I have been thinking lately about the infamous “three percent problem” of the publishing landscape, the notion that only three percent of books published in the United States are books in translation. This figure has done a lot of work as a rallying cry among translators and publishers—statistics are good for that—but I can’t help feeling that the statistic actually masks more than it reveals. So here are some further statistics worth pondering: a cursory glimpse at the data from the translation database established by Chad Post of Open Letter and now maintained by Publishers Weekly reveals that, between 2018 and 2022, 58% of books published in translation came from French, Spanish, German, or Italian. To my shock, this figure has only increased over time: between 2008 and 2017, for instance, 48% of translated books were translated from these Big Four languages. I remain astonished that the diversity of books published in translation seems to be diminishing, rather than growing. And yet, it is not surprising: as large publishers attempt to consolidate monopolies, “risk aversion becomes systemic,” preventing smaller publishers from taking chances on new kinds of works. 

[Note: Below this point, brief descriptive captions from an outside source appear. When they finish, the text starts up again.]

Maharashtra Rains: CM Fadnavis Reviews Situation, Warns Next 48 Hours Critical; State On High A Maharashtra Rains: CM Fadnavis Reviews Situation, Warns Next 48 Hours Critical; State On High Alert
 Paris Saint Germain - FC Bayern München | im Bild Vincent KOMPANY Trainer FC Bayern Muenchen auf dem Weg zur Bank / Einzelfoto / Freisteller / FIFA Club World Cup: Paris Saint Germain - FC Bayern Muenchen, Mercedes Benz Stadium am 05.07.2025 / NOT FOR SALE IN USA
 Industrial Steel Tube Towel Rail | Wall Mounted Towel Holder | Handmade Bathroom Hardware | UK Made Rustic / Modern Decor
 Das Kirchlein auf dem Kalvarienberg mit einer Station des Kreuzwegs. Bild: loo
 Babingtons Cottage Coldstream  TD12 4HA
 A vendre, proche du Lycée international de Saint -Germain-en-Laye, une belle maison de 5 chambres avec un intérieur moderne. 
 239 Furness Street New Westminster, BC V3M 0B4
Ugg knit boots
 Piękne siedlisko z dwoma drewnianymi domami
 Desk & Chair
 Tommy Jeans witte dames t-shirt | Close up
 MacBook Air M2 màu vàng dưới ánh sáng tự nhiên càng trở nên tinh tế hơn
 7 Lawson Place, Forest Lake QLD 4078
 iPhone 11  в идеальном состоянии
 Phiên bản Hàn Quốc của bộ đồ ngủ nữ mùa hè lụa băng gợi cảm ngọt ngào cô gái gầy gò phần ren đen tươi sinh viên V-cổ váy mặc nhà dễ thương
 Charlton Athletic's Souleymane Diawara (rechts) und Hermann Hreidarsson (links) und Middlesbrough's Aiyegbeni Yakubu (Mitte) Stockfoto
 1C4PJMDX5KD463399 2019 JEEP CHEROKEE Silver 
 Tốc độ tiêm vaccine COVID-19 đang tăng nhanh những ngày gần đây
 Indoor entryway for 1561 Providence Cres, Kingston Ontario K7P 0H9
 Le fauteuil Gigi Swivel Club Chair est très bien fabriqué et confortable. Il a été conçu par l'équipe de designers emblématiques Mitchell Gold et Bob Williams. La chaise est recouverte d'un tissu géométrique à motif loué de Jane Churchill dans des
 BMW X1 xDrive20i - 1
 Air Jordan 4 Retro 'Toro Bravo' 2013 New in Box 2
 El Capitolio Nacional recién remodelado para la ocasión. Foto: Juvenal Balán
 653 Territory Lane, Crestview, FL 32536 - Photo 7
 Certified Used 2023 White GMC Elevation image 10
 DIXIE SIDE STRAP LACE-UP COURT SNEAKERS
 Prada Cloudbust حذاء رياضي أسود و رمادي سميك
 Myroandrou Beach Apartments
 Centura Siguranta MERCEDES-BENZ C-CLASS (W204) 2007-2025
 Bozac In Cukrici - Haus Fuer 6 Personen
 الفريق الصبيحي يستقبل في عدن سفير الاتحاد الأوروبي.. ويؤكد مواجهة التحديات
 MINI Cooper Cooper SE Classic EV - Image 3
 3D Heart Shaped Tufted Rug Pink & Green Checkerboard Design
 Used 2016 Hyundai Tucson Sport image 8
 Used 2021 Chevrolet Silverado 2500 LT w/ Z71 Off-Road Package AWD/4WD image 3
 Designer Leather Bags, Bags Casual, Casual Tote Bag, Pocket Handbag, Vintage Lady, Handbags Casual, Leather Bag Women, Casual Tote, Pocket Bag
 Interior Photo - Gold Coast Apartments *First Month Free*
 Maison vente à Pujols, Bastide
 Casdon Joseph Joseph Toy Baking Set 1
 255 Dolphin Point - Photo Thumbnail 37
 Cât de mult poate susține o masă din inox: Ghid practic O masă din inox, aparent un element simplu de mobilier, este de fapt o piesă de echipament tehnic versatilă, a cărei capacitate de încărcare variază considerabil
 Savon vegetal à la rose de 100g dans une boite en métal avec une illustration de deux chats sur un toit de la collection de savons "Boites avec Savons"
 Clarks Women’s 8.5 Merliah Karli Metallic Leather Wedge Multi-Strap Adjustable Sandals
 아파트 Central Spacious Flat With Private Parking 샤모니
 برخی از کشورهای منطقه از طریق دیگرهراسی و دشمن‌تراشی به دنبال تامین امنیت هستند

And so when we celebrate the increasing visibility of translation, we should also ask about what languages and literatures—and, consequently, what human experiences—are afforded visibility. If translated literature still makes up only three percent of the market in the United States, what does it say about the state of publishing that literature from thousands of languages beyond the Big Four has been relegated to a single, dwindling percentage point? How can translators from “lesser” translated languages garner visibility when the Big Four languages have only increased their share of the translation market over time? What good is a World Literature that privileges western languages, that reproduces existing global hierarchies, that retrenches European hegemony over cultural production? Why are publishers increasingly consolidating around these Big Four languages and increasingly excluding all others? The crucial work ahead lies in the hands of publishers and editors, to diversify their catalogs with braver acquisitions and more critical awareness of the inequities they perpetrate. Diversifying catalogs would mean greater opportunities for emerging translators, translators of color, and translators beyond North America and Europe. Championing linguistic diversity would stave off the reduction of any and all publishing decisions to mere actuarial science, and it would challenge the corporatization of literature itself. We deserve more than three percent, of course, but we also deserve a World Literature that represents more than the Big Four languages.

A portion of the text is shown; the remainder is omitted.